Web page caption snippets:

● ● ●

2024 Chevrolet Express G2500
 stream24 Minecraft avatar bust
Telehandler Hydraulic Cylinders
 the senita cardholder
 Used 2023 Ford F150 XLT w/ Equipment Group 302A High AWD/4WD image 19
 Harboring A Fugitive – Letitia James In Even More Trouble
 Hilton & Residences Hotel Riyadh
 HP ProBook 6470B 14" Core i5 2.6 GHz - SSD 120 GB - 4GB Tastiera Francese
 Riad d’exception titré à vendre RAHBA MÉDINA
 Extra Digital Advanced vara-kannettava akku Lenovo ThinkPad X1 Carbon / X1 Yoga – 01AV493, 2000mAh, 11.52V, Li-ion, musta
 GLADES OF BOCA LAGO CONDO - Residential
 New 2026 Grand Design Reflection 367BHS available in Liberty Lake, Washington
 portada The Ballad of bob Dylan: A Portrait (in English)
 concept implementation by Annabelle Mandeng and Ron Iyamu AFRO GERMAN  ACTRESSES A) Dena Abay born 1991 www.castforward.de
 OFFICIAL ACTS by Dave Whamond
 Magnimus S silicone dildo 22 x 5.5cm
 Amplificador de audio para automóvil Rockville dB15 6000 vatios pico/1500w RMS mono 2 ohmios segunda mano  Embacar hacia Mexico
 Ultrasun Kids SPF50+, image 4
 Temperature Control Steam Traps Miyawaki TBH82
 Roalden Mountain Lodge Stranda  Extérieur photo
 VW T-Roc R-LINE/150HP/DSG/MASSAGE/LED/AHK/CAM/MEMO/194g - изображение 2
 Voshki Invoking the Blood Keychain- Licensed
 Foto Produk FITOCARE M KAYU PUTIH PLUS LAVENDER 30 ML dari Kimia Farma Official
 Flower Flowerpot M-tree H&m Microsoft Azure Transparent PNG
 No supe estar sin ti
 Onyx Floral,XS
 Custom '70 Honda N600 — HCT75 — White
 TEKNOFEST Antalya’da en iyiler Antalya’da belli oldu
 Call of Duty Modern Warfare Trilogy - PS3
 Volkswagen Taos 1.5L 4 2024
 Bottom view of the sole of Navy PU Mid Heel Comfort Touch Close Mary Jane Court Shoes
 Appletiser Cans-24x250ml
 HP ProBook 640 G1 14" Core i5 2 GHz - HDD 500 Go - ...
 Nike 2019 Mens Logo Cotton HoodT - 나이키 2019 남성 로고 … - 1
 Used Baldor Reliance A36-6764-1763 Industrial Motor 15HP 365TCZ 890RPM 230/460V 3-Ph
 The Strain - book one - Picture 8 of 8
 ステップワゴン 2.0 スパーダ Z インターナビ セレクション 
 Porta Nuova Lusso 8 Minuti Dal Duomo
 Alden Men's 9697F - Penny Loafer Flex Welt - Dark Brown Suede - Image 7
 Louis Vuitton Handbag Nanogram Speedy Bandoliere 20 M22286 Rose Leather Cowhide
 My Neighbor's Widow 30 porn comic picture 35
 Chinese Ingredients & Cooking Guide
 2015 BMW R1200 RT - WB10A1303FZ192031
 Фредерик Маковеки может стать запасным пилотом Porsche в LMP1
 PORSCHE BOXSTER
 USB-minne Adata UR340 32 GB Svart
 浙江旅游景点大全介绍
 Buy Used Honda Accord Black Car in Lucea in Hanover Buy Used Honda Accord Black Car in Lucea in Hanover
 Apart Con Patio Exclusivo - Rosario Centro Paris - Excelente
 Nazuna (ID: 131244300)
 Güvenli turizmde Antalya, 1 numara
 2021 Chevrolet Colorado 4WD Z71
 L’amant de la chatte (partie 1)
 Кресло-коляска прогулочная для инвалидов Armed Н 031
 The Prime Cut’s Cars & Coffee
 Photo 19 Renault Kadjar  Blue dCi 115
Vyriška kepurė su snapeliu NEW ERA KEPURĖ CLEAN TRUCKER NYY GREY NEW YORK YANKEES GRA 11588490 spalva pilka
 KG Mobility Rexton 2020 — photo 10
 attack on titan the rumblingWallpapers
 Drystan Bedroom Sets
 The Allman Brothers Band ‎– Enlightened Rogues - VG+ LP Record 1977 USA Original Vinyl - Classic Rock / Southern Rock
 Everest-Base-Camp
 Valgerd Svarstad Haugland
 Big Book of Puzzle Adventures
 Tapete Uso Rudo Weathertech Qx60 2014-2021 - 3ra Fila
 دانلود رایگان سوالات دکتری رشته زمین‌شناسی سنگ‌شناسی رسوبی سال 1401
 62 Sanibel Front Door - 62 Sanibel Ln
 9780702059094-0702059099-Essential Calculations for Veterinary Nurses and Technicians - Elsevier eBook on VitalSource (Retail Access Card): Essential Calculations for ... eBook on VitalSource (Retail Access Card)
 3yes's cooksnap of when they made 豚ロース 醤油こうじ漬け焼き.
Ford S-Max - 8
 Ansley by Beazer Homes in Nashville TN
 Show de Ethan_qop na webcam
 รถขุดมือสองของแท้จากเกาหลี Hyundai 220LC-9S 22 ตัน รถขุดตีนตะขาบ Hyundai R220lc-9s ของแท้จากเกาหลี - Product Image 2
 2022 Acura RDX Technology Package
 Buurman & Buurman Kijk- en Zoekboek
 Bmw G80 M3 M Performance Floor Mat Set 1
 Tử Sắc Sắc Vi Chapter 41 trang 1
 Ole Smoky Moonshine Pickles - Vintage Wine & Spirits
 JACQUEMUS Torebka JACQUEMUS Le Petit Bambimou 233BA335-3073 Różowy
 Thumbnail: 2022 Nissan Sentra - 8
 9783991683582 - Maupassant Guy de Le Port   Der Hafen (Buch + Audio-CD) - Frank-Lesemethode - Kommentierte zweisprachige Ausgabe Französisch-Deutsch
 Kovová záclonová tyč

● ● ●

Work instruction:
Return every line in the records that includes the string "Chevrolet".

Output of the exercise:
2024 Chevrolet Express G2500
 2021 Chevrolet Colorado 4WD Z71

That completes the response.